Search engine (was Wiki)

Wed May 5 03:31:32 EDT 2004

On Wednesday 05 May 2004 2:28, Derek Atkins wrote:
> Neil Williams <linux at codehelp.co.uk> writes:
> > The archives are in a sub-domain of gnucash.org but how is that
> > configured?
>
> machine1 is "gnucash.org", "www.gnucash.org", and "mail.gnucash.org"
> machine2 is "cvs.gnucash.org" and "lists.gnucash.org"
> Machine2 (cvs,lists) hosts cvsweb and mailman/pipermail
> (the latter being the list archives).  Right now machine1 (www) has
> very limited disk space (at least until Linas upgrades his machine).
> Machine2 is also SIGNIFICANTLY faster!

So I'd like to have the search engine on machine 2 under lists.gnucash.org 
using local filesystem access - read, no write access required for the script 
except to upload new versions.

> So, in terms of performance and disk space, using machine2 is the much
> better option (also, it's the one I maintain ;)  However it means it's
> not at www.gnucash.org.

As with the doxygen docs, it's only a link away. Besides, I can easily give 
the search engine the look and feel of the main GnuCash site - you'll only be 
able to tell the difference from the URL. I might be learning QOF but HTML, 
CSS, SSI and PHP are second nature, even if I say so myself. I don't do Flash 
and I'm no artist but if you want strict compliance HTML, XHTML, CSS, CSS2, 
SSI, PHP, Perl, XML, WML then take a look at codehelp.co.uk and 
www.dclug.org.uk - it's all my own code, most hand-crafted in Vi. I'd be 
lying if I said it was hard to do.

> IMHO it would be "easier" for the docs to be generated on the same
> machine where the cvs archives are kept.  It's a local matter to
> update the tree, so there's no network usage, and that machine is
> significantly more powerful.

Same applies for the search engine - the faster the script can access the HTML 
archive, the faster the search returns the answer.

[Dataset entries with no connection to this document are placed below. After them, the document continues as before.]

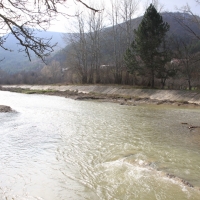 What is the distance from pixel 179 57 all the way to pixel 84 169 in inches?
730

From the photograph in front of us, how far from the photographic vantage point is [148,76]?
2359cm

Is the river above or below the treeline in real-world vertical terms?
below

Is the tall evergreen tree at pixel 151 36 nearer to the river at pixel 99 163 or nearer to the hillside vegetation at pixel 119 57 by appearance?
the hillside vegetation at pixel 119 57

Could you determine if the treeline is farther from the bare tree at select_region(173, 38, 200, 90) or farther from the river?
the river

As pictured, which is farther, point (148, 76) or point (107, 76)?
point (107, 76)

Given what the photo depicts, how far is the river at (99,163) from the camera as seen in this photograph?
3.82 meters

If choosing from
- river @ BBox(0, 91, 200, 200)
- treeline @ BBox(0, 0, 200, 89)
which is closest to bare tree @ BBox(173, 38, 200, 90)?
treeline @ BBox(0, 0, 200, 89)

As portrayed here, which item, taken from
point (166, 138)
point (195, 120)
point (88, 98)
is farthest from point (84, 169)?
point (88, 98)

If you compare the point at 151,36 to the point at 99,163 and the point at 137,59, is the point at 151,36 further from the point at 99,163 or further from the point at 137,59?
the point at 99,163

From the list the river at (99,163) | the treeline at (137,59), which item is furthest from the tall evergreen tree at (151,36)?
the river at (99,163)

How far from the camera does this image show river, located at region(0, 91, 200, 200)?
12.5 feet

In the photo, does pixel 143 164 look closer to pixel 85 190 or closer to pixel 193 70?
pixel 85 190

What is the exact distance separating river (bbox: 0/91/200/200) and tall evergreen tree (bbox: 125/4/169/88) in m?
14.0

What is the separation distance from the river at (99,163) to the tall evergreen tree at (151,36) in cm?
1403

> But I agree with you..  Having the docs live at http://cvs.gnucash.org/...
> is just fine, so long as there's a link off the main gnucash site.
> Linas may not agree, however, if he wants to keep the "gnucash look at
> feel" of the docs.  But I don't know how hard that would be to get
> doxygen to use SSI.  It might be easier with frames.

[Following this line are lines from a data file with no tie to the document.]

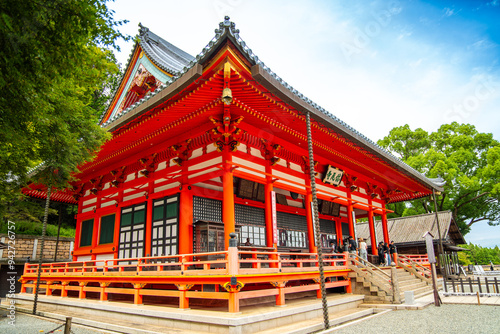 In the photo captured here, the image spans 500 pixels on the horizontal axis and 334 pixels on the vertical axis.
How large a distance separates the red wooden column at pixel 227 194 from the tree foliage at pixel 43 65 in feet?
13.3

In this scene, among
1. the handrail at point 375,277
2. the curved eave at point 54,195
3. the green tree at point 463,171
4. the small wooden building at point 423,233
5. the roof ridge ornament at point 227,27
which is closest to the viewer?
the roof ridge ornament at point 227,27

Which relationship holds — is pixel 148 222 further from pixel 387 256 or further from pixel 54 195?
pixel 387 256

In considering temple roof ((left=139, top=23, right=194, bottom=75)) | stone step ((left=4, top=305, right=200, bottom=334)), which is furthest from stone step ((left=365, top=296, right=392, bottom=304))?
temple roof ((left=139, top=23, right=194, bottom=75))

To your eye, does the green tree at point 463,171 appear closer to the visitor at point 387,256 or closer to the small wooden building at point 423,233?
the small wooden building at point 423,233

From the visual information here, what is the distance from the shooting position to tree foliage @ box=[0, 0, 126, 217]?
473 centimetres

As with all other 'machine-produced' HTML, I've always found it better to use 
a Perl script AFTER generation, not to dabble in the config. The machine 
output is very standard and very predictable - ideal country for a pattern 
match that replaces the default doxygen <head> or <style> etc. with the 
necessary replacements, which can include SSI just as easily as any other 
tags. The Perl script can rename the files to .shtml and run under a bash 
script by cron. I do this all the time on machines and formats of every type.

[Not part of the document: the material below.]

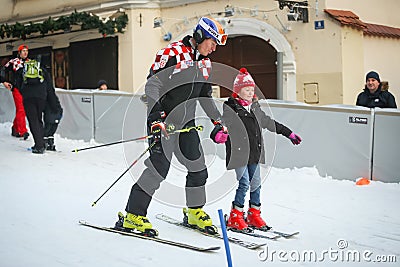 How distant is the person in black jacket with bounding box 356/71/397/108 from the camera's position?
938 centimetres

> machine1 is in Texas, machine2 is in Massachusetts.  There is no
> special network between them, no VPN, no NFS.  So you cannot assume
> that machine1 can access data on machine2 or machine2 can access data
> on machine1 except through the same public interfaces that anyone else
> can use.

Fine, then a normal HTML link from www.gnucash.org to the search script on 
lists.

> > I can definitely search any publicly accessible HTML content from any
> > site with no local cache, it all depends on the speed of access. A simple
> > pattern match on --beginarticle-- and --endarticle-- can be used to limit
> > searches to the relevant content. All pages carry a link to the next
> > message and you don't want the subject line to cause that message to show
> > up in a search for content that relates to the content of the linked
> > message.
>
> Sure, but how does this work with a pipermail archive?  How do you
> index it?  Obviously putting it onto the archive server would be the
> best solution, IMHO, to allow easy indexing.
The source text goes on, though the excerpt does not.